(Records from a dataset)
__________

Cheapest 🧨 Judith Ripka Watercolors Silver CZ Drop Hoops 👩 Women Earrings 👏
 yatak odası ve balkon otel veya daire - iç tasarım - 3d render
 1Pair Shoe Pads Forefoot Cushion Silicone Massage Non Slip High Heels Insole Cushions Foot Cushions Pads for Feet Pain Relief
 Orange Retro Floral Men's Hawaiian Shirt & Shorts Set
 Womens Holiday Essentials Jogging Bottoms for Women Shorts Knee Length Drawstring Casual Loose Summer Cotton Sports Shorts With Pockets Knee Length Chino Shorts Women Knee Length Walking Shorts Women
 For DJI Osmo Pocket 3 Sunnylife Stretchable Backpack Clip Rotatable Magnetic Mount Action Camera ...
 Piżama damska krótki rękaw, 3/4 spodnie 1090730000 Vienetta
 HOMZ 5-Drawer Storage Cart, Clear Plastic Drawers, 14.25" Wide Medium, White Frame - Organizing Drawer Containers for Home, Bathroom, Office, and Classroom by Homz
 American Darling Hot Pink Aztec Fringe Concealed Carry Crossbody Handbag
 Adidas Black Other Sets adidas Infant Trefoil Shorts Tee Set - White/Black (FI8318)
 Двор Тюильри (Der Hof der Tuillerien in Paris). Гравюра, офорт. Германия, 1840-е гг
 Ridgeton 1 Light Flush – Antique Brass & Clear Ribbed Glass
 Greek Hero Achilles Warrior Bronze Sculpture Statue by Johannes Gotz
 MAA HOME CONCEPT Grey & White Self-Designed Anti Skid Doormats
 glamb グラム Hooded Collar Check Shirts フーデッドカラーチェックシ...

__________

_Exercise_
What you should do is return the records above exactly, leaving nothing out.

_Answer area_
Cheapest 🧨 Judith Ripka Watercolors Silver CZ Drop Hoops 👩 Women Earrings 👏
 yatak odası ve balkon otel veya daire - iç tasarım - 3d render
 1Pair Shoe Pads Forefoot Cushion Silicone Massage Non Slip High Heels Insole Cushions Foot Cushions Pads for Feet Pain Relief
 Orange Retro Floral Men's Hawaiian Shirt & Shorts Set
 Womens Holiday Essentials Jogging Bottoms for Women Shorts Knee Length Drawstring Casual Loose Summer Cotton Sports Shorts With Pockets Knee Length Chino Shorts Women Knee Length Walking Shorts Women
 For DJI Osmo Pocket 3 Sunnylife Stretchable Backpack Clip Rotatable Magnetic Mount Action Camera ...
 Piżama damska krótki rękaw, 3/4 spodnie 1090730000 Vienetta
 HOMZ 5-Drawer Storage Cart, Clear Plastic Drawers, 14.25" Wide Medium, White Frame - Organizing Drawer Containers for Home, Bathroom, Office, and Classroom by Homz
 American Darling Hot Pink Aztec Fringe Concealed Carry Crossbody Handbag
 Adidas Black Other Sets adidas Infant Trefoil Shorts Tee Set - White/Black (FI8318)
 Двор Тюильри (Der Hof der Tuillerien in Paris). Гравюра, офорт. Германия, 1840-е гг
 Ridgeton 1 Light Flush – Antique Brass & Clear Ribbed Glass
 Greek Hero Achilles Warrior Bronze Sculpture Statue by Johannes Gotz
 MAA HOME CONCEPT Grey & White Self-Designed Anti Skid Doormats
 glamb グラム Hooded Collar Check Shirts フーデッドカラーチェックシ...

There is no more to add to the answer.